With developments like these, Greenamyre remains hopeful for the future.

“We know the genes that are involved, some of the environmental risk factors and how they act to cause cell death,” he says.

“I think for the first time, we’re really getting to the heart of what’s causing the disease and causing it to progress, and I’m really optimistic that we’ll have things that could slow or halt Parkinson’s.”

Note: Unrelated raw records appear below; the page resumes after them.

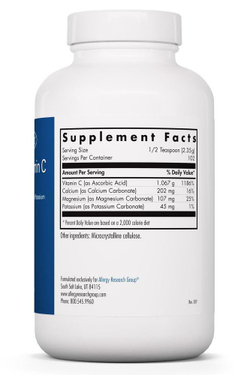Buffered Vitamin C Powder 240 гр. Allergy Research Group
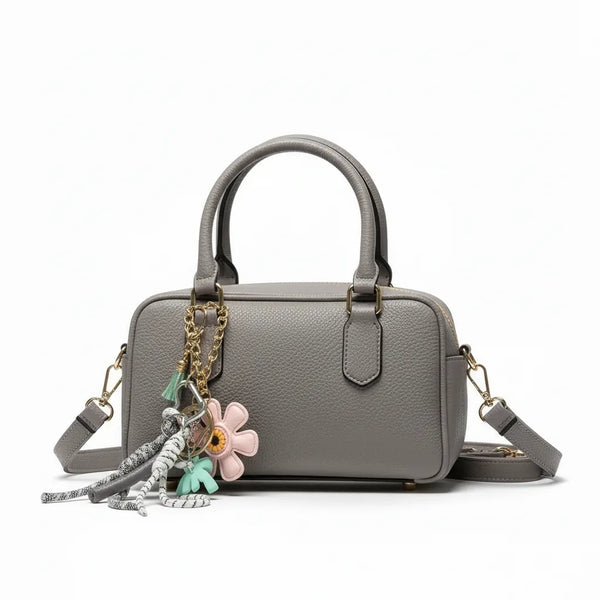 La Intrepida - Borsa a bauletto baguette con charms borsetta firmata GYOIAMEA a mano tracolla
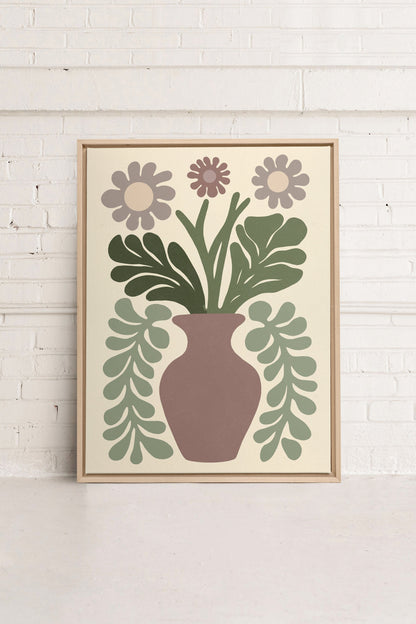 CHIC FLORAL, Oeuvre sur toile étirée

Breakthroughs in the Making at Pitt

Dollars for Dreams

Good sleep has big benefits for college students — including better academic performance and increased physical and mental health — but they are among the least likely age group to get enough. Pitt researchers may have found a way to address that conundrum. In a recent study, Associate Professor Osea Giuntella and colleagues found students go to sleep earlier and get more sleep when they are paid to get their z’s. The effects lasted even after the incentives stopped. Now that researchers know students can be encouraged to alter their sleeping habits, they plan to see whether other, more practical incentives work just as well as cash.

Under Pressure

Patients who need continuous blood pressure monitoring often face restless nights as their cuff-based devices inflate every 15 minutes, rousing them from sleep and potentially altering results. To make monitoring more comfortable for patients and more accurate for researchers, Feng Xiong, associate professor of electrical and computer engineering, is developing a comfier, cuffless monitoring device inspired by the ultrasticky toe pads of the gecko. The National Institute of Health has awarded Xiong and his team $580,000 to further explore the innovation.

Helpful Headband

Most of the body’s vital signs can be quickly and easily checked at a doctor’s office with nothing more than a stethoscope and a blood pressure cuff. But measuring a patient’s brain pressure (which may be necessary following conditions such as an infection or head injury) typically requires lengthy, invasive or painful procedures — until now. Michael McDowell, an assistant professor of neurological surgery at the School of Medicine, has helped test a headband that uses near-infrared light to measure the changes in brain pressure in real time. The technology, recently chronicled in the Journal of Neurosurgery, could turn a risky procedure into a routine assessment and improve outcomes for patients suffering from conditions such as concussions and stroke.

This story was published on January 26, 2023. It is part of Pitt Magazine's Winter '23 issue.